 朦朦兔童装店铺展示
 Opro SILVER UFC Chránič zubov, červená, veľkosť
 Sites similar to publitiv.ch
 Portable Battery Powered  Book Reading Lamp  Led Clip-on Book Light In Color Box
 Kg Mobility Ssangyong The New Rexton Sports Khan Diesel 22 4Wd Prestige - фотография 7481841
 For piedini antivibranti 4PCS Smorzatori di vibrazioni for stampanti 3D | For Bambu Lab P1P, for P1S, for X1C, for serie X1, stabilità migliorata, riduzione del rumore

□ □ □ □ □ □ □

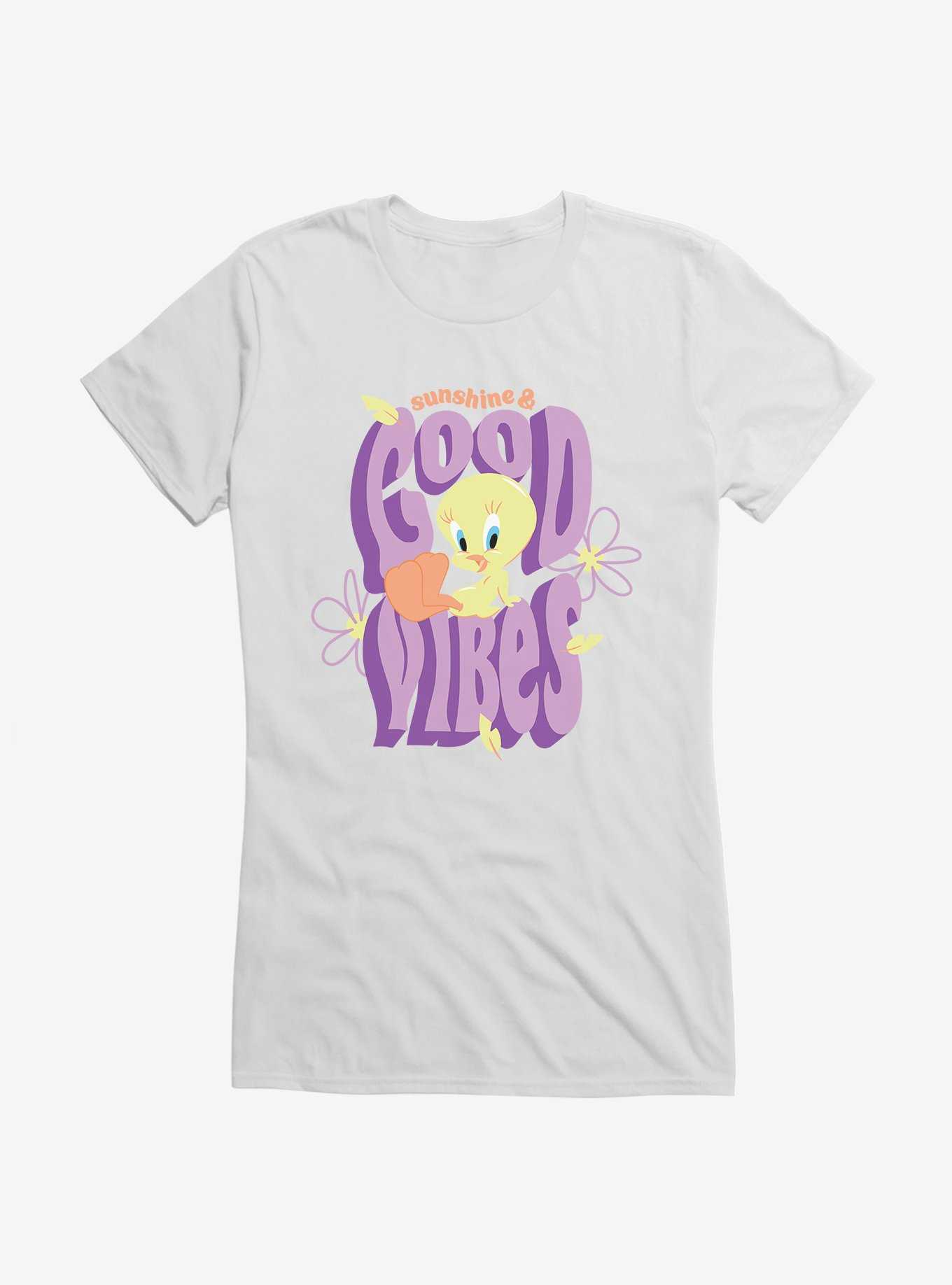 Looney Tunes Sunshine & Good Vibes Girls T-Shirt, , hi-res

□ □ □ □ □ □ □

--- What is expected ---
Return a word-for-word copy of the lines above from the one holding "Kg Mobility Ssangyong" through the one holding "For piedini antivibranti", with both of them included and nothing besides.

--- Answer to this task ---
 Kg Mobility Ssangyong The New Rexton Sports Khan Diesel 22 4Wd Prestige - фотография 7481841
 For piedini antivibranti 4PCS Smorzatori di vibrazioni for stampanti 3D | For Bambu Lab P1P, for P1S, for X1C, for serie X1, stabilità migliorata, riduzione del rumore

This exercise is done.